COSC 1010 - Assignment #7
Making an Index
Due Date: Friday, Dec 11, 2009


[You can work in teams of two people or by yourself. Each team will just hand-in one set of files.]

Many computer authoring systems, designed to help authors write books, provide some easy way to produce the index at the end of the book. This is the section at the end of the book where key terms are listed in alphabetical order with the page numbers where the terms appeared. In this assignment, you're asked to write a Java program which would help an author prepare an index for their book.

Since I don't want to have to write a whole book just to test your programs, we'll simplify the situation. Instead of reading a book and reporting page numbers, we'll just read a paragraph and report line numbers. Also, to make the program easier, there will be no punctuation.

GOAL: Write a Java program which reads in a paragraph in which words to be indexed have been marked and prints out the paragraph with the indexing marks removed and the lines numbered followed by an index listing the line numbers for each word.

The program should read in the marked paragraph from a file. It should also use a class "Reference" to record the marked words and their lines.

Words to be indexed are marked by placing curly braces around them. Note in the following example that it is OK to list a repeated line number if the word is marked more than once in that line (e.g. `key'). Also, only list marked occurrences of a word. For instance, `computer' occurs on line 5, but it is not enclosed in braces and so line 5 is not listed in the index entry for `computer'.

For example, given the input file:

When using a {computer} to {type}
school {papers} one usually
uses a {keyboard}  You
press a {key} and the letter on the {key}
appears on the computer screen
You can {type} many {papers}
on a {computer}
your program should produce the output:
1: When using a computer to type
2: school papers one usually
3: uses a keyboard  You
4: press a key and the letter on the key
5: appears on the computer screen
6: You can type many papers
7: on a computer

INDEX:
computer  1 7
type  1 6
papers  2 6
keyboard  3
key  4 4

METHOD: This program is more complicated than any we've done so far in class. You'll definitely want to come up with a careful plan before you start writing code.

You should write the class Reference to keep track of the line numbers of a given word. So, a Reference object should have an instance variable to store a word, an int array to list the line numbers, and an int to store how many line numbers are recorded in the array.

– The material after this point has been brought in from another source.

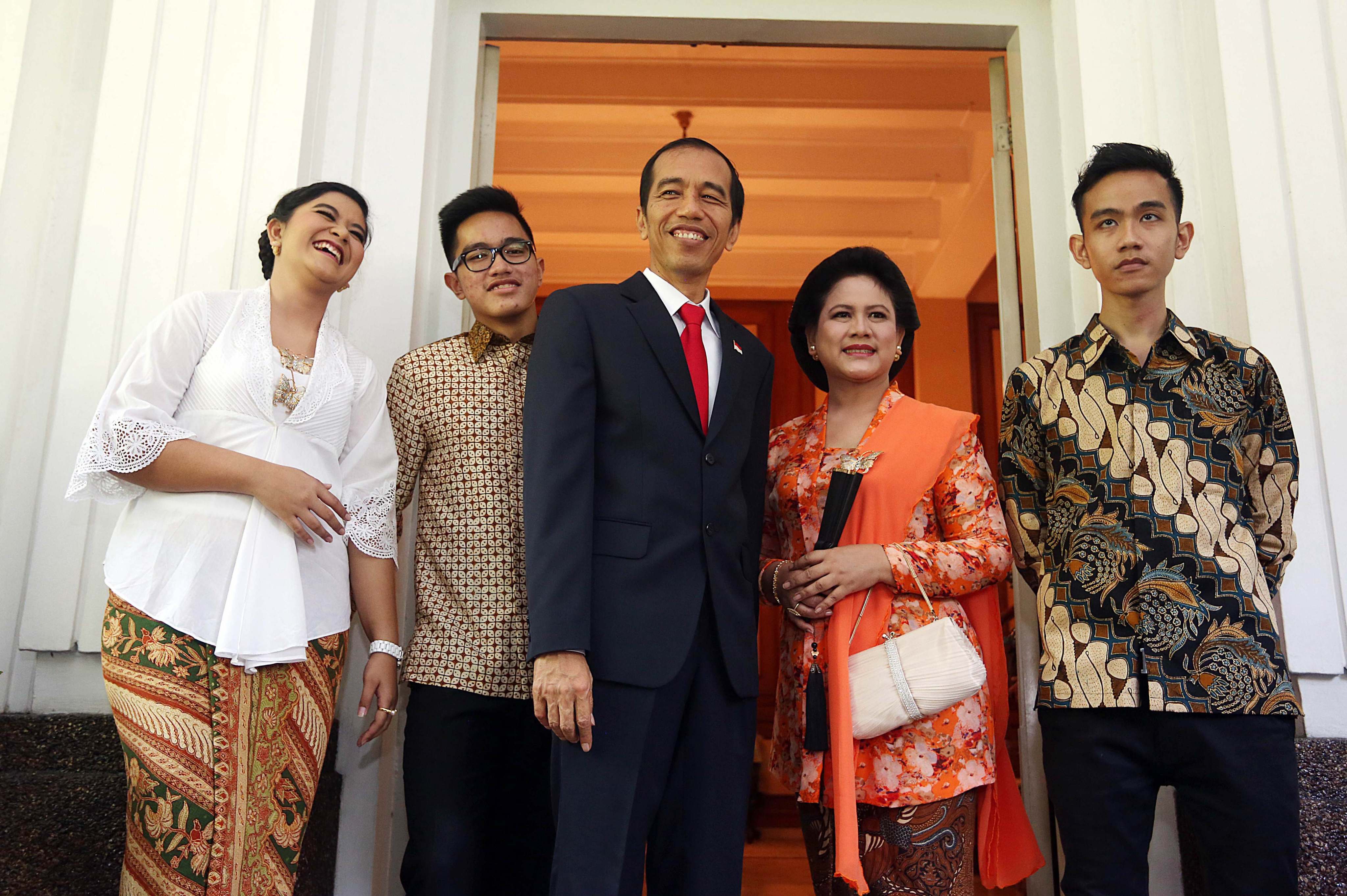 iriana joko widodo muda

You can assume that a word will never have more than 10 occurrences.

The class should have (at least) the following methods:

  public Reference(String w, int num)
    // A constructor which records one line number (num)
    // for the word w.

  public void addLineNumber(int num)
    // Put the line number num into the array.

  public String getWord()
    // Return the word for this instance

  public void print()
    // Print out the word followed by the line numbers,
    // all on one line.

Your program will need two arrays to keep track of the lines of input and the Reference instances. In each case, you'll need to initialize a large array and then just keep track of how many entries you are using at any time. You can assume there will never be more than 100 lines in an input file and never more than 100 separate words indexed. You'll also need to keep track of the current line number.

Like in the Pig Latin example, for each input line you'll want to split it into words and then process each word. If the word starts with "{" and ends with "}", then you need to process it as an index. If not, you just append it onto the line of text.

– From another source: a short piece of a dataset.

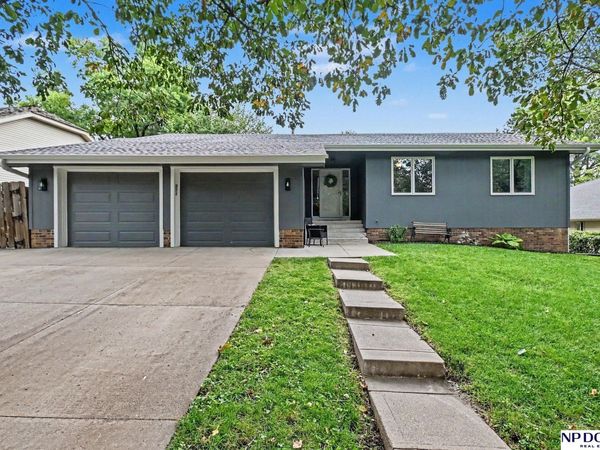 15827 Leavenworth Street, Omaha, NE 68118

To process a word as an index, you'll search through the array of Reference objects to see if you've indexed this word before. If so, you use addLineNumber to include the new line number, otherwise you use the constructor to create a new Reference and add it to the array of References.

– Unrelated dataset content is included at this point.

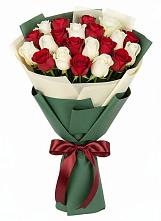 Букет Микс из красных и белых роз в Поселок имени Тельмана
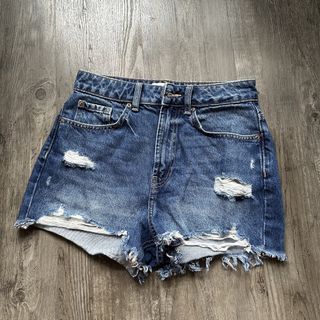 (Category: ) located in . Submitted by clothesz (Listing ID 1463640323, Image 1). Description: .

You might want methods like these in your program:

  static String checkLineForBraces(String s, int curr_line)
  // Return a string which equals s with all braces
  // removed and any index words recorded for line curr_line.
  // (Basically, this splits s into an array of
  // words and then calls checkWordsForBraces().)

  static String checkWordsForBraces(String[] words, int curr_line)
  // Return a string made up of the words in the
  // array words with any braces removed separated
  // by spaces.  Any index word should be recorded
  // for line curr_line.







  static String checkOneWord(String w, int curr_line)
  // If w begins with "{" and ends with "}" then
  // record the enclosed word at line curr_line
  // and return the enclosed word.
  // Otherwise, just return w.

  static void recordWord(String w, int curr_line)
  // Search through the array of Reference objects to
  // see if any have a word equal to w.  If so, use 
  // addLineNumber(curr_line) on that Reference.
  // If w isn't equal to any of the words, then
  // create a new Reference(w, curr_line) and
  // put it in the array of Reference objects.

I'll be providing sample input files inp1.txt, inp2.txt, and inp3.txt on the class webpage.

HAND-IN: Your program using D2L. You should have at least one *.java file for your main program and Reference.java for the Reference class. Be sure the names of the team members are in each file.